Young male server: "I like to see people smiling and having a good time. The money doesn't mean as much to me."

She: "I named my daughter a Japanese word that means seven seas.  When I was pregnant with her, the only thing that calmed me down was sitting in a shower each day for twenty minutes."

"My great aunt cooked for the Wrigley's." (Wealthy owners of  The Chicago Cubs.)

She: "I'm a bus coordinator for a county in New York with 600 buses."

He: "I'm a waiter in fine dining."

The traveling nurse told me, "I worked for 11 months in the Carribbean and I'm leaving in a couple month to work in Hawaii for three months. I'm going to be there December 7th to see the events at Pearl Harbor that day."

She: "My name "Ng" is pronounced, "Nuh."

The European dancer said, "I love dancing and I love that I can do it anywhere in the world."

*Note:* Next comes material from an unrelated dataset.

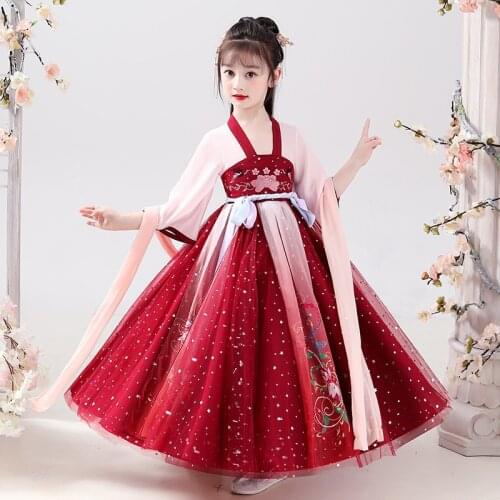2021 New Design Chinese Style Children Clothing Girls Hanfu Dress Ancient Performance Princess Long Dress Meisje Feestjurk
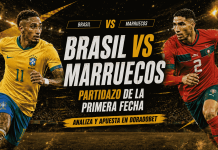 Jugadores de la selección brasileña y la selección marroquí en acción previo a su encuentro del Grupo C en el MetLife Stadium de Nueva Jersey, partido clave de la primera fase del torneo internacional de fútbol 2026.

He: "The Cowboys won't win until Jerry Jones dies."

He: "I write for a college football website and I'm a sports announcer too."

The husband said about he and his kids, "We have fun when we are away from mom, she's more serious."


COMMENTS ABOUT MY MANNEQUIN LILY

She: "I had a mannequin head from cosmetology school. I took it to all my parties in college and it was a big hit. People shaved her head and put cosmetics on her."

She: "You should write a book from how Lily sees this."

"Can I touch it?"

She: "I think it's kind of goofy."

She: "Do you live with this?"

"Your wife doesn't mind this?"

She: I have many mannequins at cosmetology school, but one of them gives me a hard time." (the hair)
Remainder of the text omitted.